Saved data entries
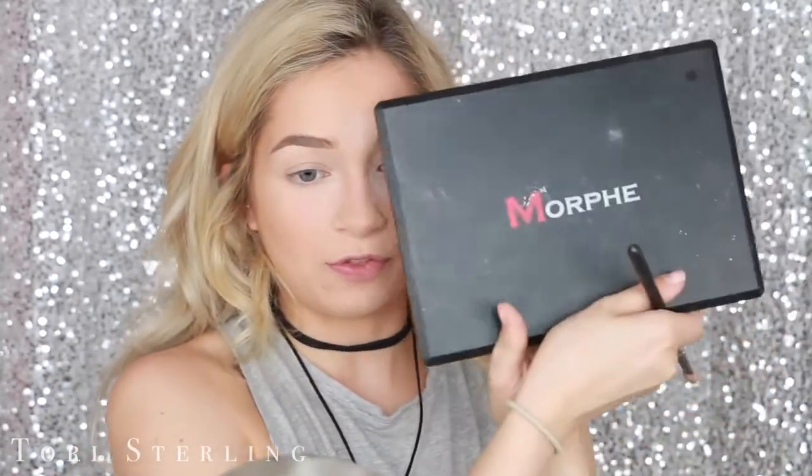I'm using the Morphe 350 palette today. This was the prom makeup look that I did in my senior year, so I'll link that blog down below because this isn't like a tutorial — it's more like a get ready with me, so I'm not really going to walk through it step by step. I texted my mom today and I was like, 'Love you, miss you.'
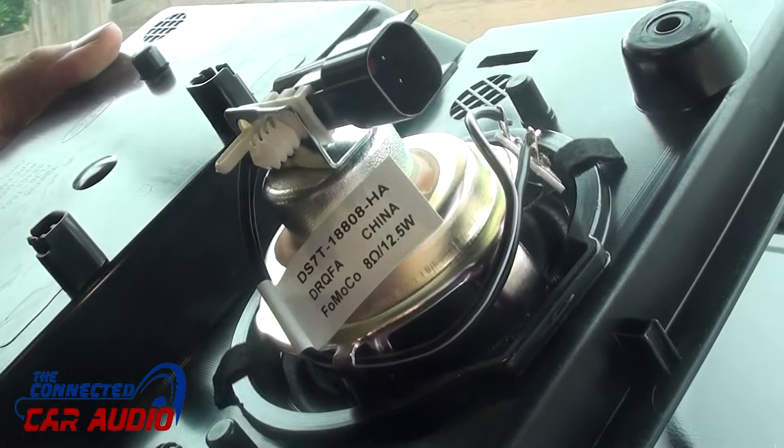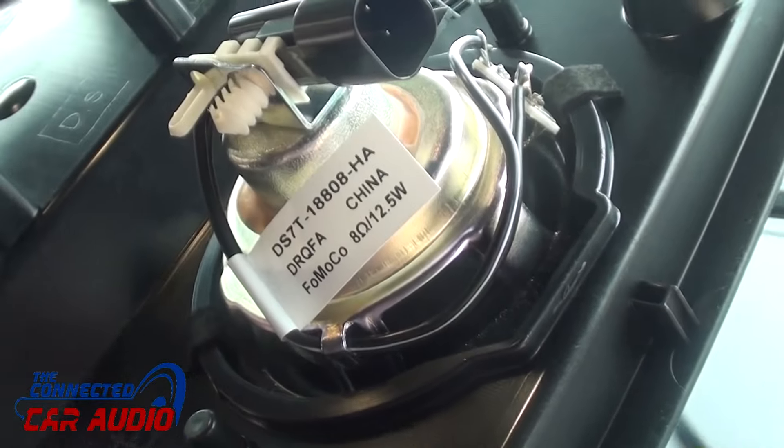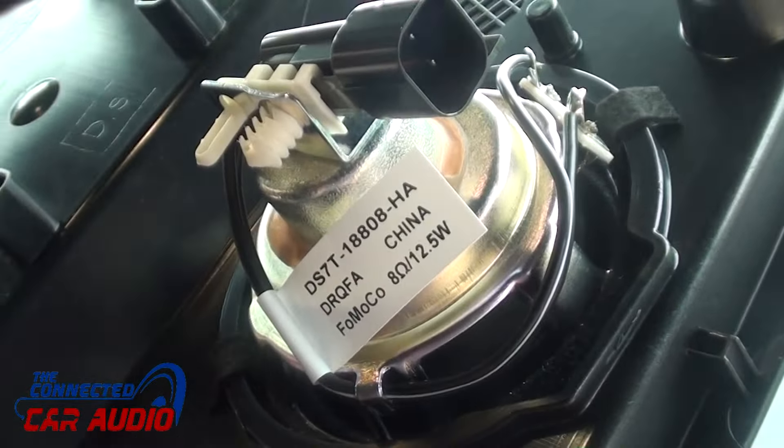Remove center grille using panel removal tool. Remove two bolts using a 9/32nd socket. Pry up and remove center dash piece. Remove the Molex connector from the speaker.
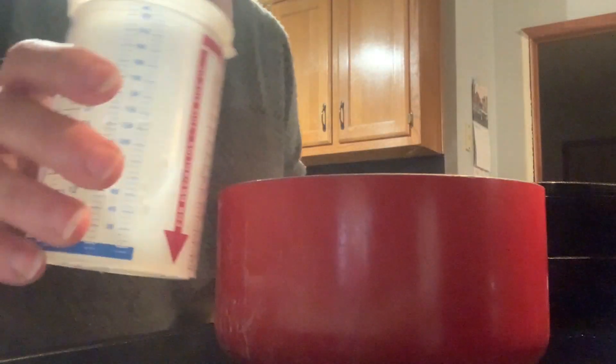My recipe has sugar, water, vanilla, and cocoa powder — that's it. You're going to start by getting a pan, putting it on the stove, and then we'll get the ingredients. You're going to put in one cup of water.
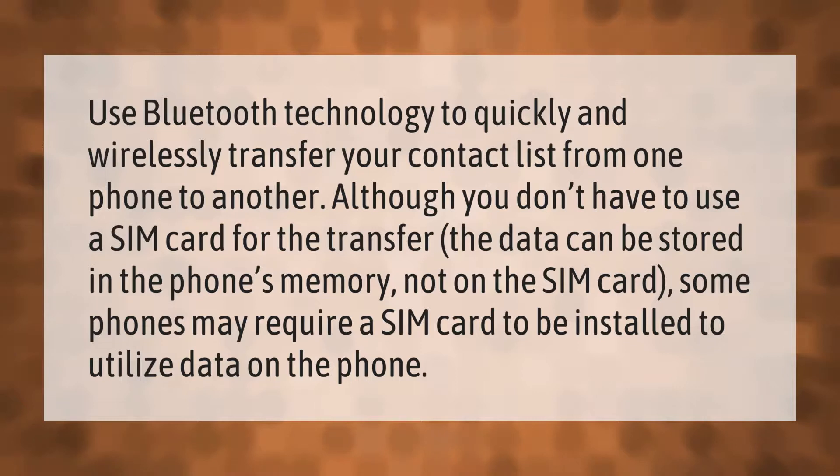Use Bluetooth technology to quickly and wirelessly transfer your contact list from one phone to another. Although you don't have to use a SIM card for the transfer, the data can be stored in the phone's memory rather than on the SIM card. Some phones may require a SIM card to be installed to utilize data stored in the phone's memory.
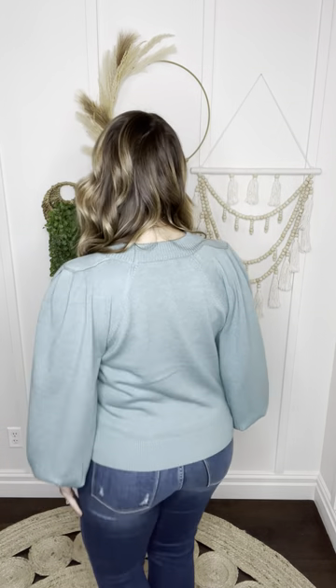I think this one's kind of cute to just give it a little bit of a tuck into your jeans for a more fitted look. You can do however you like, but check out the details on this one. It is so pretty and just flows so gorgeously. It looks so pretty as you're moving and just standing and going about your day.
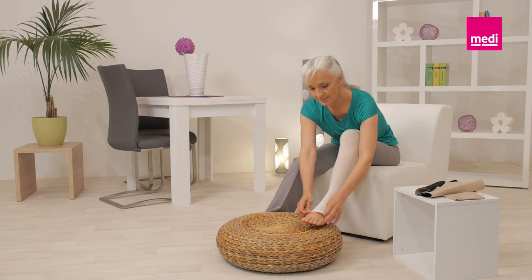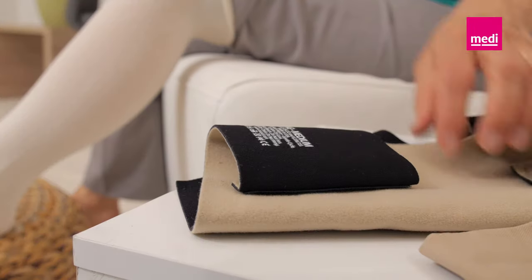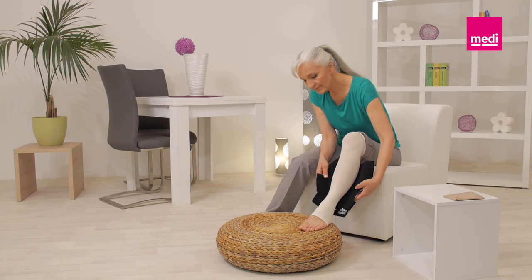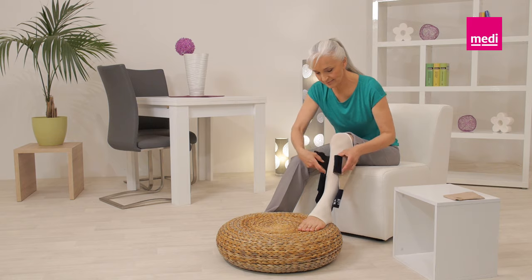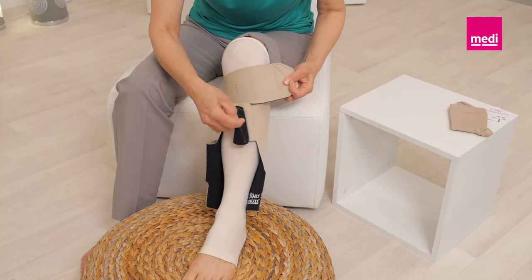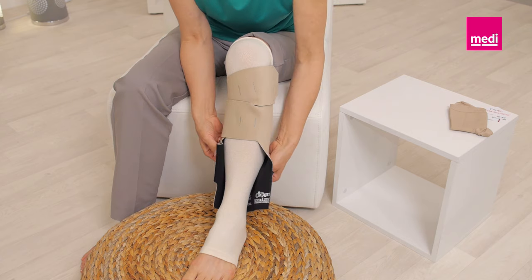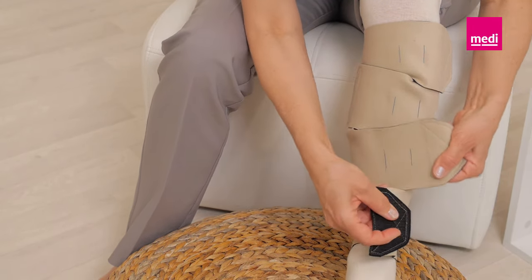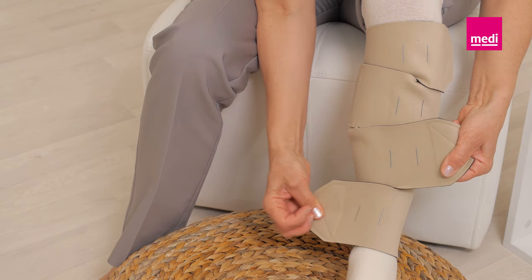Align the circade juxtalite lower leg just above the ankle bone and below the knee crease. The black side of the material should face the skin. Unroll the top two bands and loosely secure them to the outside of the garment to anchor the legging in place. This enables you to easily raise or lower the garment for correct positioning.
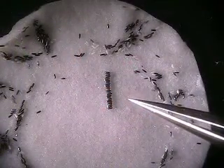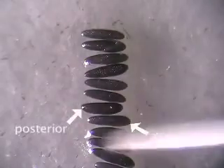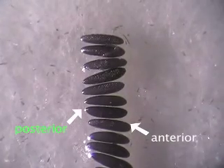All embryos have to be in the same orientation. They have two poles: anterior and posterior. We are going to inject into the posterior end. The anterior side is a little bit wider than the posterior.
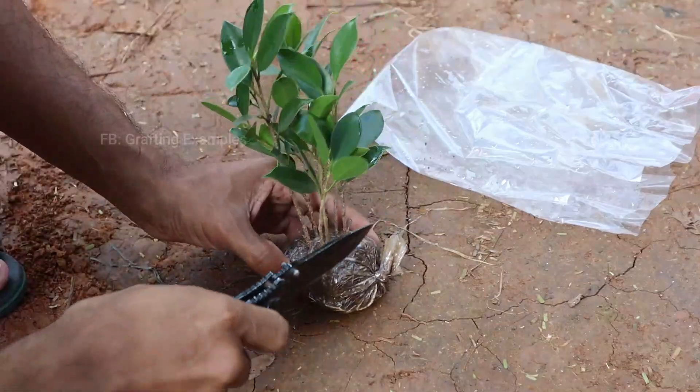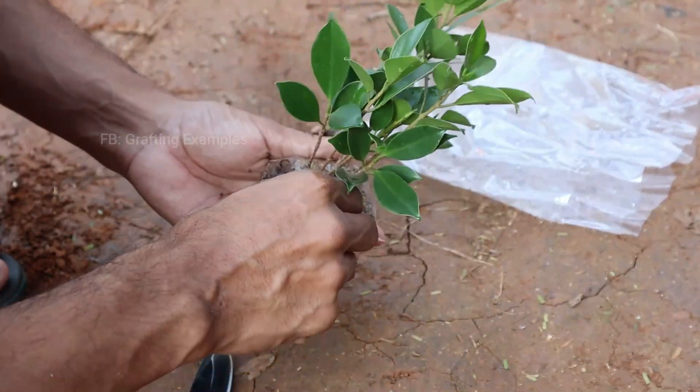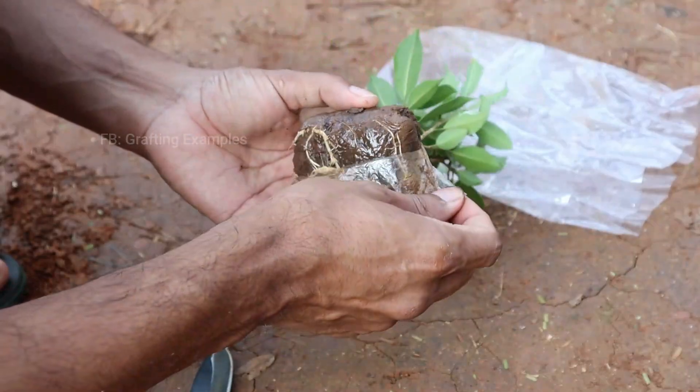Remember, successful propagation depends on factors like timing, plant type, and proper care during the rooting process. Happy gardening!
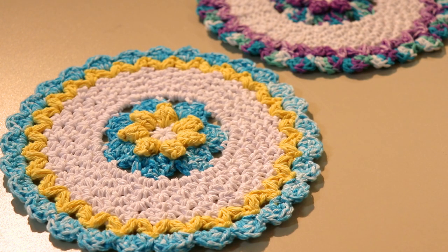I have a couple more dishcloths to show you, and then I have some other wonderful kitchen patterns — some scrubbies and towel toppers. Let's move right on to number seven.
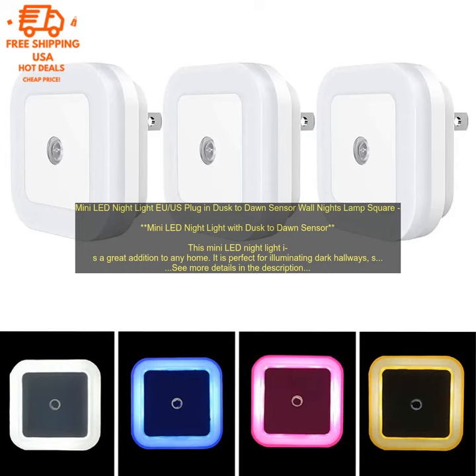The night light is available in a variety of colors, including white, blue, green, and red. It is also available in a dimmable version.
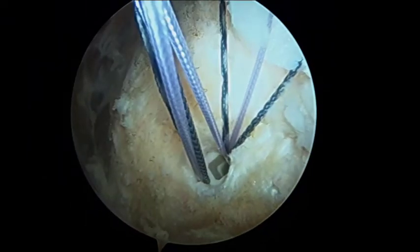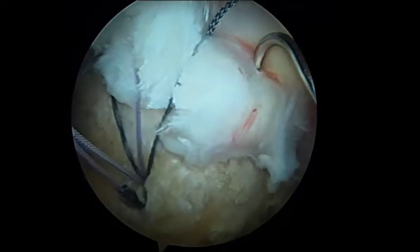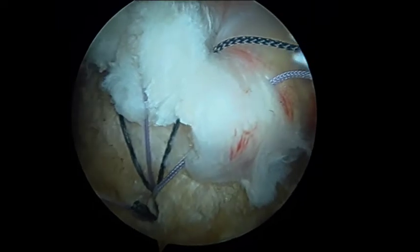Of note, at the surgeon's discretion, an additional suture can be incorporated into the lateral row anchor prior to its insertion. The suture can then be passed through the cuff tissue and tied with a simple knot to further reduce any cuff tissue to the footprint.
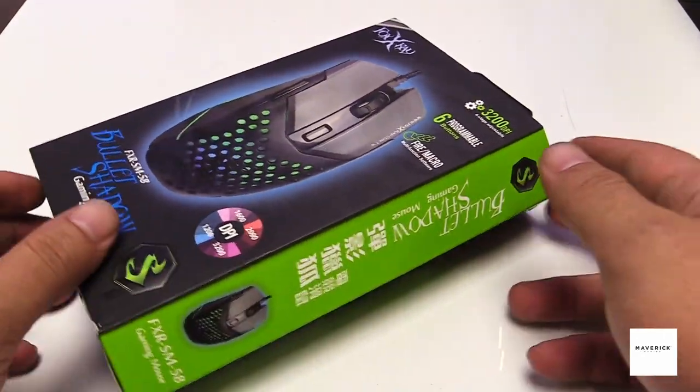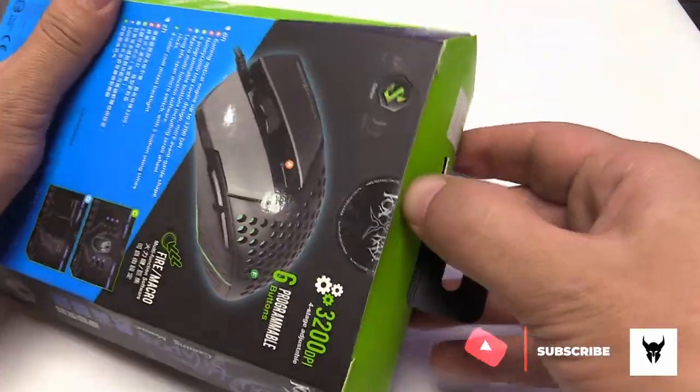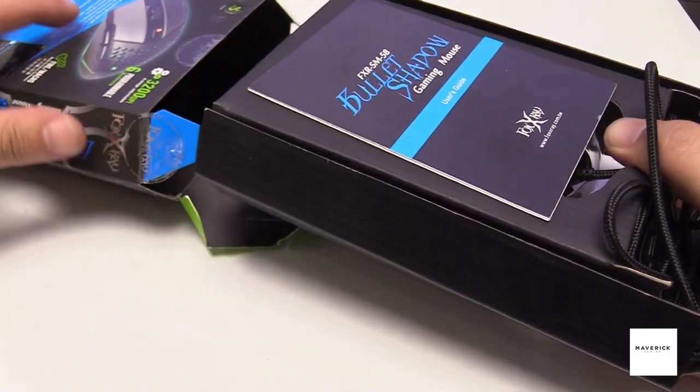I personally love the packaging it comes in — it's well done with all the relevant specifications. To the left side of the box opening, we take a look inside, slide the gaming mouse out, and we get the Bullet Shadow mouse itself.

» WHAT IS NEEDED: The line containing "My recipe has" marks the end: copy exactly every line from the start of the records up to and including it, leaving out the pictures.

» YOUR RESPONSE:
I'm using the Morphe 350 palette today. This was the prom makeup look that I did in my senior year, so I'll link that blog down below because this isn't like a tutorial — it's more like a get ready with me, so I'm not really going to walk through it step by step. I texted my mom today and I was like, 'Love you, miss you.'
Remove center grille using panel removal tool. Remove two bolts using a 9/32nd socket. Pry up and remove center dash piece. Remove the Molex connector from the speaker.
My recipe has sugar, water, vanilla, and cocoa powder — that's it. You're going to start by getting a pan, putting it on the stove, and then we'll get the ingredients. You're going to put in one cup of water.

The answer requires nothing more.